Parker Thompson said AGCS is looking internally at how much it should allocate to silent cyber to “really allocate money to that exposure, starting building that book of business off it.”
If claims do come in and the approximate cause is the cyber as the trigger, “you can now actually see what that’s doing for your portfolio,” Parker Thompson said during the session Non-Affirmative Cyber. “It allows us to get into the reinsurance piece a little bit more confidently and gives us a bit more leverage in those discussions. That’s the phase we’re working towards right now.”
Silent cyber refers to whether cyber coverage could be read into policies where cyber was not specifically excluded.

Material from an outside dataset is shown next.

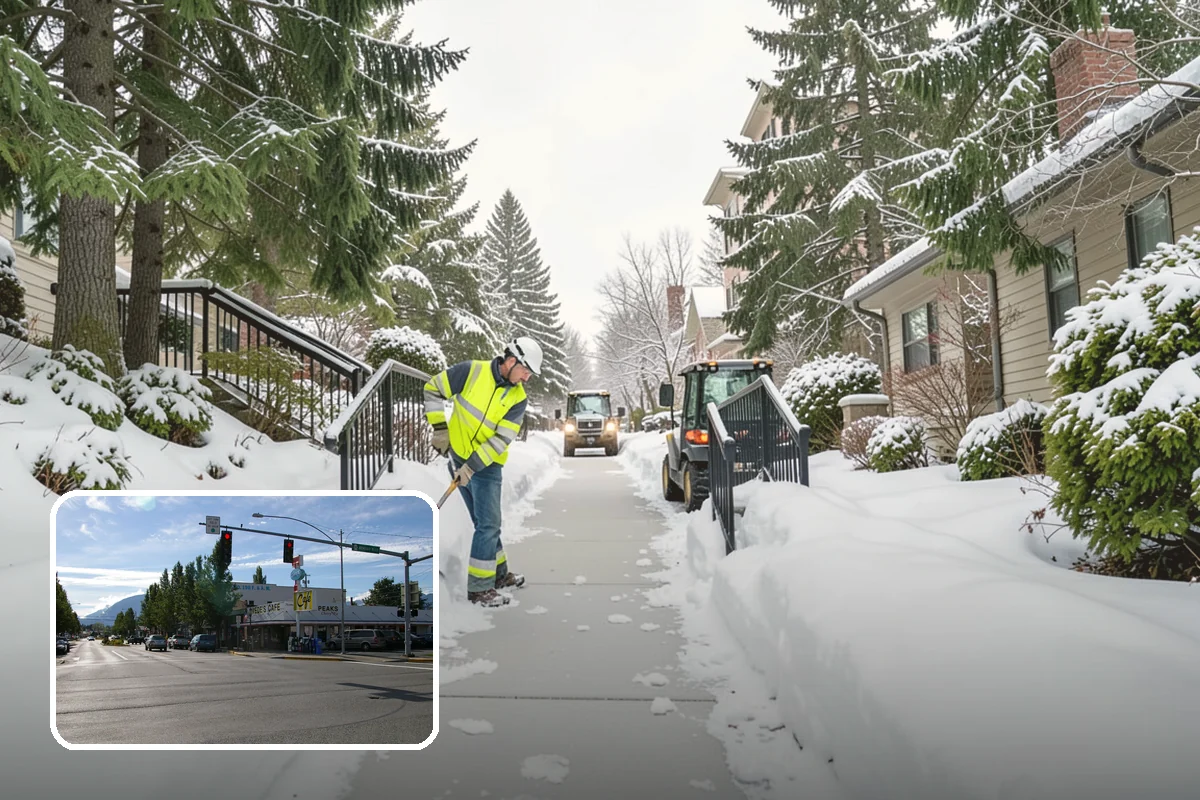 Porch Snow Removal in North Bend, King County, WA - Removes wind-driven snow that gathers at porch edges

Tsinos said the level of allocation of silent cyber resources differs by insurer. “Some insurers have the view that they wish to in-source that project as much as possible and a lot of insurers actually… don’t have the capabilities to do it internally, or the resources,” he said. “In a different market cycle, their attention is turned elsewhere in terms of profitability concerns and they choose to outsource that. It’s not a long-term end game, but there is a way to guide insurers towards an affirmation of cyber across the breadth of their product suite.”
Until insurers reach that level of affirmation across the entire portfolio, there is a silent cyber product available through Lloyd’s capacity in the interim, Tsinos reported. Aon has been discussion in Canada with a few markets’ insurers; it has placed about a half dozen silent cyber products in North America, primarily out of the United States, he added.
“It is there as a stop-gap,” Tsinos said. “The coverage is available. It’s there and it’s effective.”
From a reinsurance standpoint, Tsinos said he hasn’t encountered any difficulty in placing treaties that include silent cyber. He has faced some differences in interpretation by a small number of reinsurers that question whether or not cedents are using exclusionary language and more affirmative language in their contracts. “So far, for the most part, the standard [Insurance Bureau of Canada] language for data exclusion has been sufficient to resolve those subjectivities.”